** Data provided **
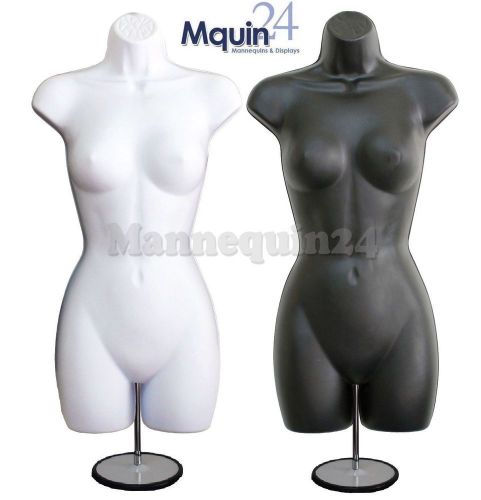 Mannequin dress body form (2 pcs black &amp; white) w/stand woman&#039;s clothing display for sale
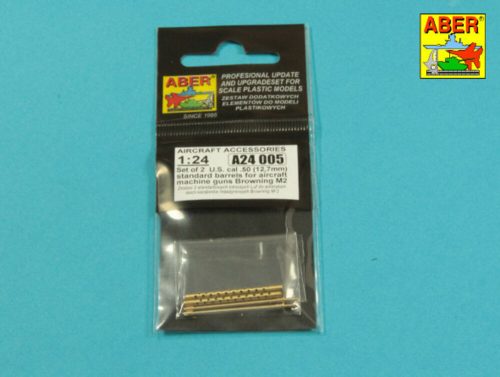 Aber Models - Set of 2  cal .50 (12,7mm) standard barrels for US aircraft machine guns Browning M2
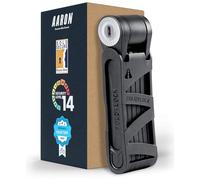AARON Candado plegable seguro de nivel 14, candado patentado de alta seguridad con soporte, candado ligero con llave para bicicleta eléctrica, bicicleta de carretera, motocicleta, MTB, color negro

** Task instructions **
Once the line with "Aber Models - Set" is found, write out that line and every later line of the listing above exactly, through the last one, and skip any pictures.

** Exercise output **
 Aber Models - Set of 2  cal .50 (12,7mm) standard barrels for US aircraft machine guns Browning M2
AARON Candado plegable seguro de nivel 14, candado patentado de alta seguridad con soporte, candado ligero con llave para bicicleta eléctrica, bicicleta de carretera, motocicleta, MTB, color negro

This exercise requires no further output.